## Stored items from a collection
# # #

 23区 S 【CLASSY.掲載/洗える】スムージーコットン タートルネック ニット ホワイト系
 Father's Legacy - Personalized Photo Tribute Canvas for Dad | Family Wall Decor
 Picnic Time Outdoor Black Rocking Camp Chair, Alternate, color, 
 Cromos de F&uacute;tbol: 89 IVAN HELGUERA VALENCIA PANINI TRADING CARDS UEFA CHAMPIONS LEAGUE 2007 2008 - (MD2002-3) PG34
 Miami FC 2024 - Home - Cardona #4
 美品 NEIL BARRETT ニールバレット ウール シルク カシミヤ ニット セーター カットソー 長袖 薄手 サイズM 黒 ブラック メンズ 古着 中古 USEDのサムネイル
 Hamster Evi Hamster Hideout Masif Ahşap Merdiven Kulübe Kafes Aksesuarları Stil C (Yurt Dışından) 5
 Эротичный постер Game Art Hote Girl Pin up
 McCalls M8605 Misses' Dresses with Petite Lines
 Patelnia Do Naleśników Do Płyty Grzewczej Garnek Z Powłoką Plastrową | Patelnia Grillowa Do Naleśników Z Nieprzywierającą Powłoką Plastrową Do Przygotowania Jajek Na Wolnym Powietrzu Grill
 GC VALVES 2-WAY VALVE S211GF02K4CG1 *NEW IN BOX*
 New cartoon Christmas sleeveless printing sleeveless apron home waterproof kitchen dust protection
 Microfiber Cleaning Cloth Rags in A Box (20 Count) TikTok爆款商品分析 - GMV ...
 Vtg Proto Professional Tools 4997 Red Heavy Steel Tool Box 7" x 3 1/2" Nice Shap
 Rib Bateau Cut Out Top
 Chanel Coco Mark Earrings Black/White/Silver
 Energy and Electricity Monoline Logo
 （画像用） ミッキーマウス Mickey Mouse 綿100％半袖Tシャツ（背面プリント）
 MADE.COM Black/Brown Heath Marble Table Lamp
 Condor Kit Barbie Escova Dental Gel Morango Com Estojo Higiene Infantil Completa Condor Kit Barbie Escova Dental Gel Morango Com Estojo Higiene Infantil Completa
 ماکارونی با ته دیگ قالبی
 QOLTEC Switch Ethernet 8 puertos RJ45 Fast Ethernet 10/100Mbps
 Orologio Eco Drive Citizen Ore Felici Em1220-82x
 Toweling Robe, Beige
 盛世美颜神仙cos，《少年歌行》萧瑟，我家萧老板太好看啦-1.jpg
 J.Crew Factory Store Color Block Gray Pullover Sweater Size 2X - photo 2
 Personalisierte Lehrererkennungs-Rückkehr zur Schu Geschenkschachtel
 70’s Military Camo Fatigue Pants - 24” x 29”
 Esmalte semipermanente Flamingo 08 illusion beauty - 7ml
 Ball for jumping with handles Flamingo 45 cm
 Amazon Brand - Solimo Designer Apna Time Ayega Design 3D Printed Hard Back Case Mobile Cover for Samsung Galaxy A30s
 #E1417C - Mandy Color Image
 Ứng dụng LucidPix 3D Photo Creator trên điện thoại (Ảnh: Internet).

# # #

Using the entries above, copy exactly the lines from the one containing "Amazon Brand - Solimo" through the last, both included.

## Answer area
 Amazon Brand - Solimo Designer Apna Time Ayega Design 3D Printed Hard Back Case Mobile Cover for Samsung Galaxy A30s
 #E1417C - Mandy Color Image
 Ứng dụng LucidPix 3D Photo Creator trên điện thoại (Ảnh: Internet).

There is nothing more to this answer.